Will our digital content stand the test of time?


Image by Esther_G

Burning question: In 500 years, will historians peer through their space helmets at all of our emails, Tweets, blog posts, and FriendFeed threads, and understand our place and time in history?

Or to put it another way -- will/can digital trails have more or less longevity than paper trails?
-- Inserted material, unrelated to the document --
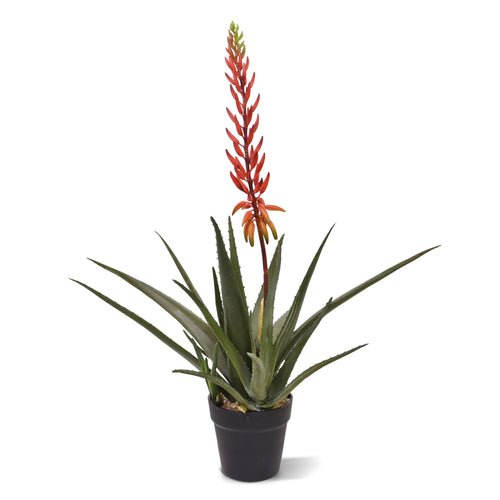 Maxifleur Aloe Vera Kunstplant 75cm rood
Here's why I ask. I'm on a bit of a history kick right now, having just wrapped up Sarah Vowell's The Wordy Shipmates and diving into David McCullough's John Adams (yes, because I loved the lessons from the miniseries). And the only reason these books are as rich with details and insight about bygone eras as they are is due to the extensive preserved literary records of the time (17th and 18th centuries, respectively).

Case in point: The very title of Vowell's book tips its hat to the Puritans' love of correspondence and publishing, while McCullough found decades' worth of journals, letters, pamphlets, and more in libraries that informed his view of Adams.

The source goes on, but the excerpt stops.